Bill said nothing. Anita, evidently willing to carry the point by default, paused a minute and then went on to other subjects.
"So what you do," she said, "is get back to the village as quickly as you can and stay there! Bone Breaker won't come into the village after you—that'd be going too far, even for the Muddy Nosers. And even if Bone Breaker brought all his fighting men with him, there'd still be more villagers than they could handle. So as long as you stay in the village, you're safe. Now do it, and cultivate Flat Fingers as I told you. Now I've got to be getting back to No Rest and the others, before they think the Cobblies have eaten me up! You aren't going to waste any time getting out of the valley now, are you?" A thought seemed to strike her suddenly. "By the way, how did you get in here?"

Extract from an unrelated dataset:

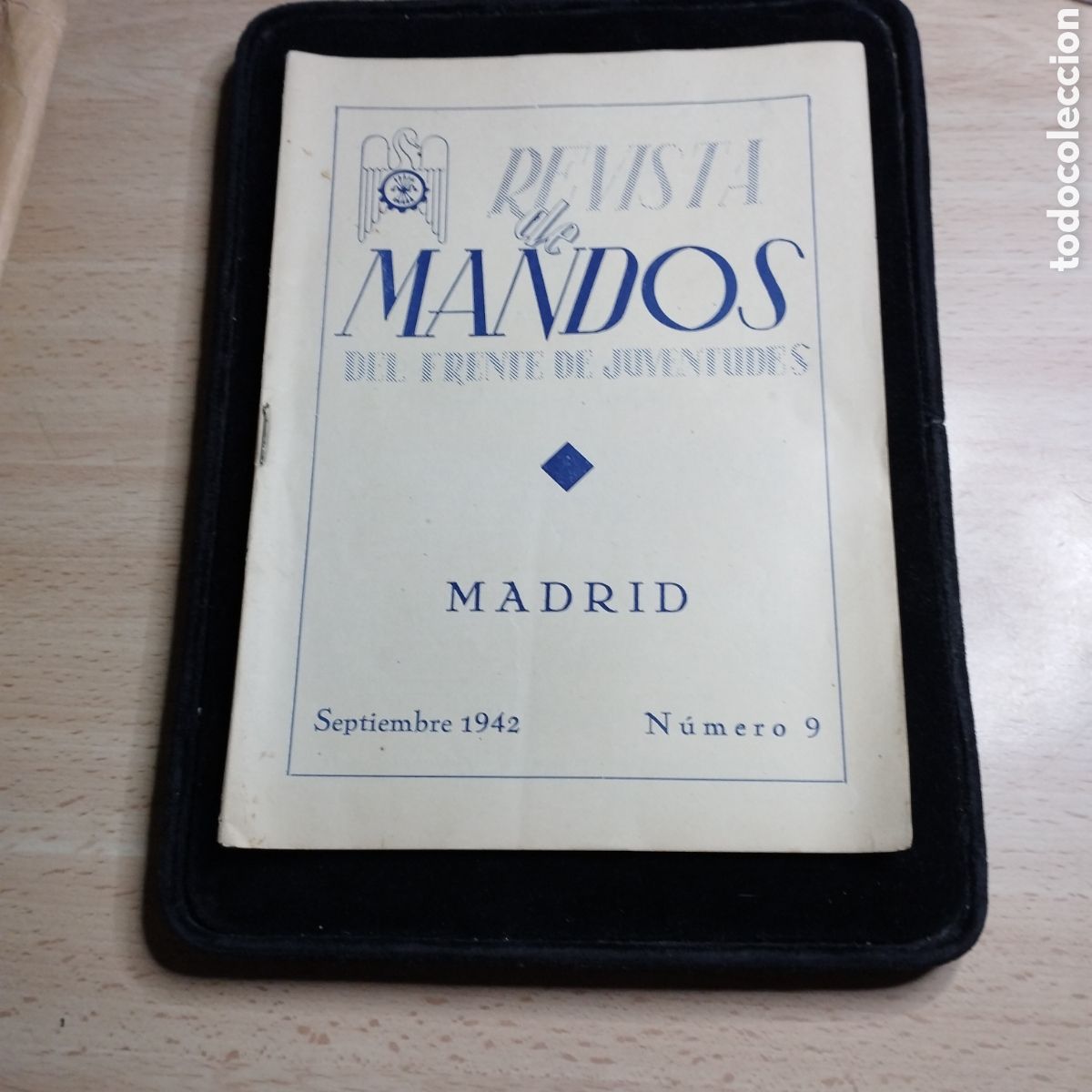 Coleccionismo de Revistas y Peri&oacute;dicos: Revista de Mandos del Frente Nacional de Juventudes. Madrid Septiembre 1942. N⁰9. Falange.Postguerra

"Rope," answered Bill absently, still caught up in his new understanding, "down one of the cliffs."
"Well, you get back to that rope and get up it as fast as you can!" said Anita. "Can I trust you to do that?"
"—What?" said Bill, coming abruptly back out of the thoughts that had been occupying him. "Oh, of course. Certainly."
"Well, that's good," said Anita. Her voice softened, unexpectedly. She put her hand on his arm, and he was abruptly conscious of the light touch of it there. "Please be careful, now."
She took her hand away with that, turned about, and disappeared into the shadow. For a moment he stood staring into the darkness where she had been, strangely still feeling the touch of her hand even through the thickness of the shirt on his arm. It seemed to him that a little warmth seemed to linger where she had touched him.
Then he shook himself back to awareness. Of course, he was going to head back out of the valley as quickly as he could—but there was still something yet for him to do.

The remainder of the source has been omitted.